I have been trying to figure out their apostolic succession, which is a bit more arcane than many of the vagante and finally located, on one of their subsidiary sites, a succession which includes reference to Joseph René Vilatte, which I had suspected I might find. According to it, Mar Dalin III was elevated to the episcopacy on 9/25/1921 by Vilatte; yet, most sources indicate that Vilatte retired in 1920 and performed only a single episcopal function after that date, on 9/21/1921, when he ordained (later Archbishop) Wallace David de Ortega Maxey.

Whether their apostolic succession has any validity is a question which has 2 answers - Orthodox and Catholic. Under the Orthodox view, there is unquestionably no true apostolic succession, since the Orthodox rely very much on the canonically legal status of the hierarchs conferring the orders.

Yet, it can only be answered from a Catholic viewpoint with in-depth research of primary source documents, since Catholics rely much more on the validity of the orders of hierarch and the form of the sacramental conferral. This represents a total reversal of the usual Orthodox and Catholic ways of looking at things, since legalistic thinking is ordinarily much more a hallmark of the Western Church than her Eastern Sister.

The Orthodox do not make the distinction between validity and licity that Catholics do. A bishop with valid orders cannot validly ordain a woman under the precepts of either Church.
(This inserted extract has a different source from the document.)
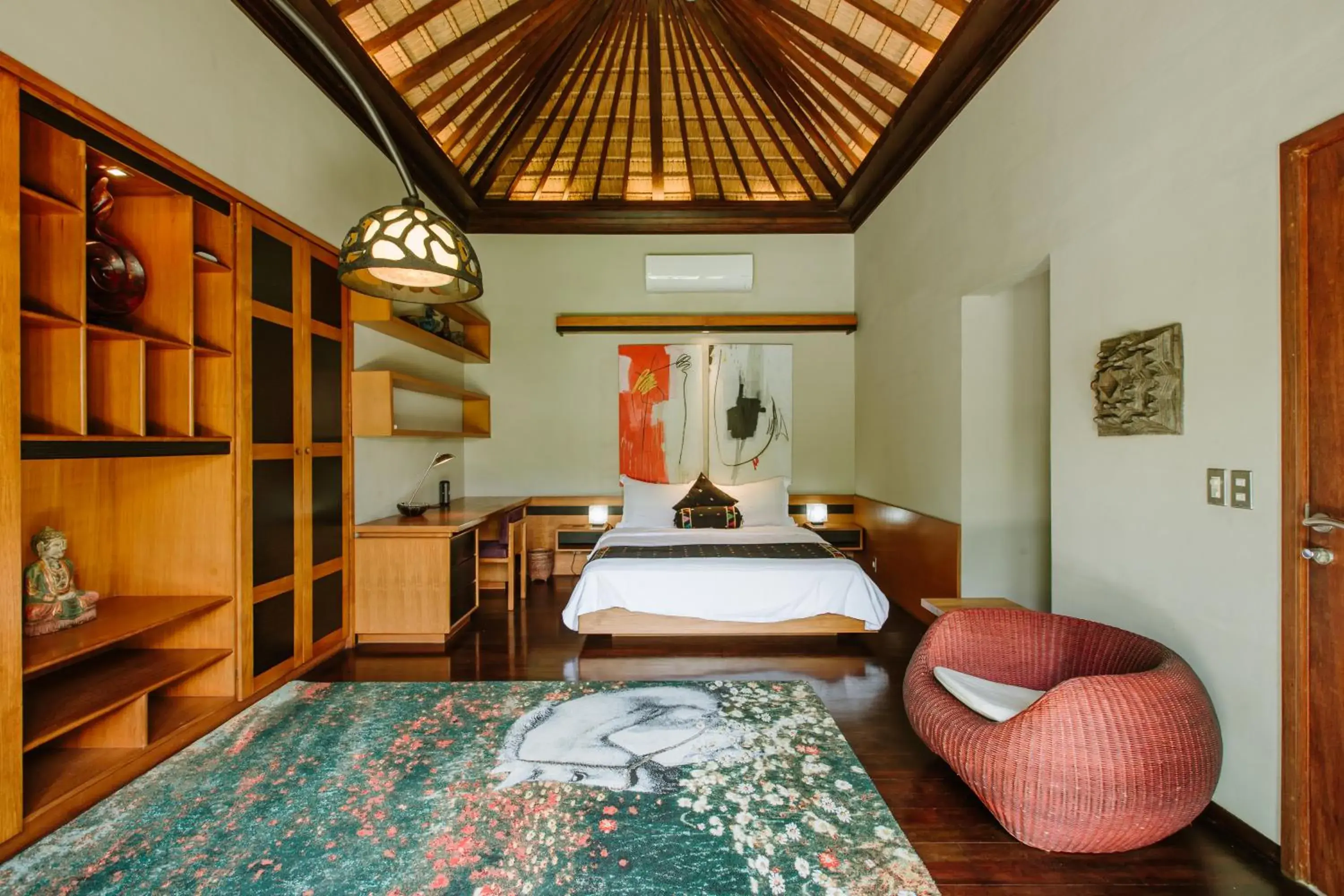 Bed in Pronoia Beach Resort Bed in Pronoia Beach Resort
That he did so would not invalidate his subsequent ordination of a man, according to proper form, in the view of the Catholic Church; although such would be illicit, since the bishop would then be in a state of excommunication. In the Orthodox Communion, the subsequent ordination would be invalid, since the bishop’s excommunicated, incurred by the earlier act, would preclude him validly performing any episcopal function.
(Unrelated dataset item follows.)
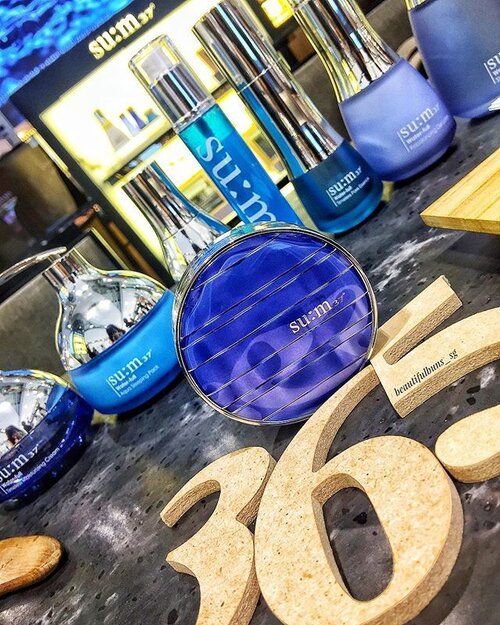 <div class="photoCaption">If you're on the lookout for a new cushion-type foundation, try @sum37_singapore 's Water-full CC Cushion Perfect Finish ($67). First impressions: 💦hydrating, moisturising, mostly-dewy finish with medium-high coverage. Swatches on my instastories 💁🏻 If you prefer seeing it in real life, head on over to @tangssg @vivocitysingapore for some k-retail therapy then 🤗
-
-
-
#sum37 #sum37sg #숨37 #kbeauty #koreanskincare #hydrating #moisturising #clozette #bbcushion #cccushion #cushionfoundation #dewymakeup #dewyskin #luxurybeauty #cushionlove #cushions</div>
The schismatic Jacobite Church which accorded episcopal orders to Vilatte, among others, would not pass muster in an Orthodox review of the validity of orders accorded by it. The same certainty cannot be pronounced with regard to the Catholic stance, which would require an in-depth review of primary source documents. In fact, there have been suggestions that the Church has, at least unofficially, acknowledged the validity of Vilatte’s presbyteral and episcopal orders, potentially according validity to some of his episcopal actions.

Like the Church of Antioch-Malabar Rite, this entity, which used to call itself the Patriarchate of Jerusalem has essentially tried to wrap itself in a traditions that aren’t its own, whether because those who adhere to it actually believe that they are fulfilling a genuine spiritual purpose or to mislead folks, we’ll likely never know. None of the entities with which they are in communion are mainstream Catholic or Orthodox Churches. On one of their sites, there are photos of the Pope, the Patriarchs of both the Ancient Church of the East and its counterpart Chaldean Catholic Church, as well as Catholicos-Patriarch Michai, clearly suggesting ties that aren’t there. I take that as a bad sign with regard to their intentions.

Many years,

Neil
 
Thanks IrishMelkite. A very thorough reply. Highly appreciated.